In case you've been in a cave all day, German Cardinal Joseph Ratzinger (78), has been chosen as the new pope under the name Benedict XVI. He is the first German to serve the office since the sixteenth century. It is a bit of irony, I suppose, that the last German pope, Andrian VI, presided just after the beginning of the Reformation schism and I believe the last German pope before that, Victor II, was the first pope elected after the Great Schism of 1054; take that for what you will. The new pontiff does not look to be too much a of friend of ecumenism, having previously criticized the Protestant churches that have established dialog with Rome. On the other hand, his orthodoxy is a good thing in many ways as opposed to electing someone who might have been inclined to lead the church in too liberal of direction.

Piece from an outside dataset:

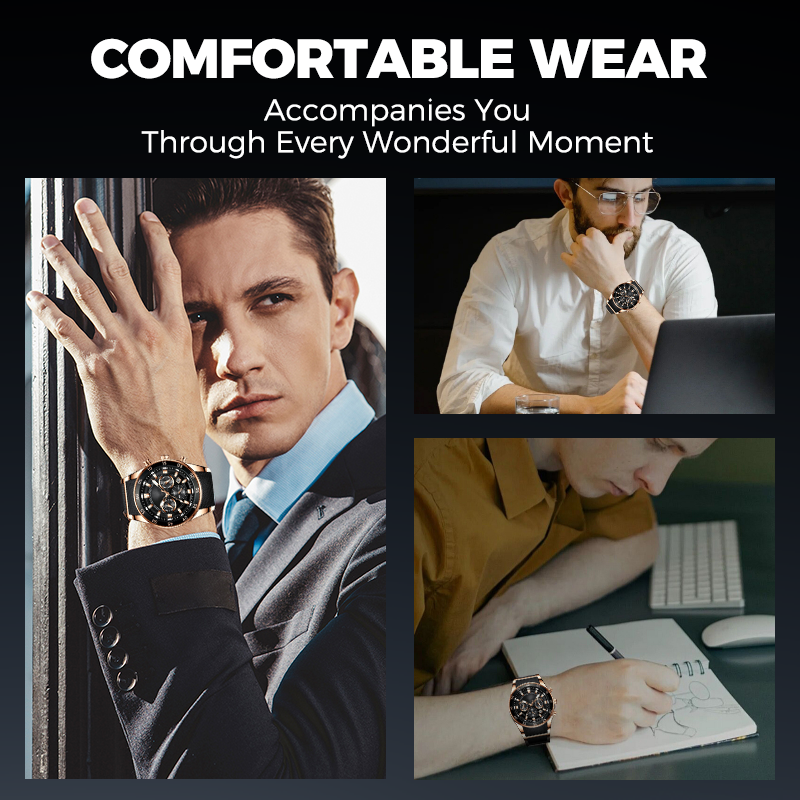 Men's Waterproof Multifunctional Quartz Watch – Stylish & Durable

Ratzinger has previously served as prefect of the “Congregation for the Doctrine of the Faith,” better known by its old name: the Inquisition.
On a Lighter Note
And, timely enough, a theologian friend of mine passed on a little humor concerning the Cardinal turned newly elected Pontiff. The story goes that Cardinal Ratzinger dies and goes to Heaven. When he arrives there he waits with two other theologians to talk to God. The first one goes to see God, and comes back weeping. “How could I have been so wrong for so long,” he sobs. The second theologian is nervous but goes in and comes back out weeping and exclaiming “How could I have been so wrong for so long?” Then the Cardinal goes in to see God. Soon after God comes out weeping and says “How could I have been wrong for so long?”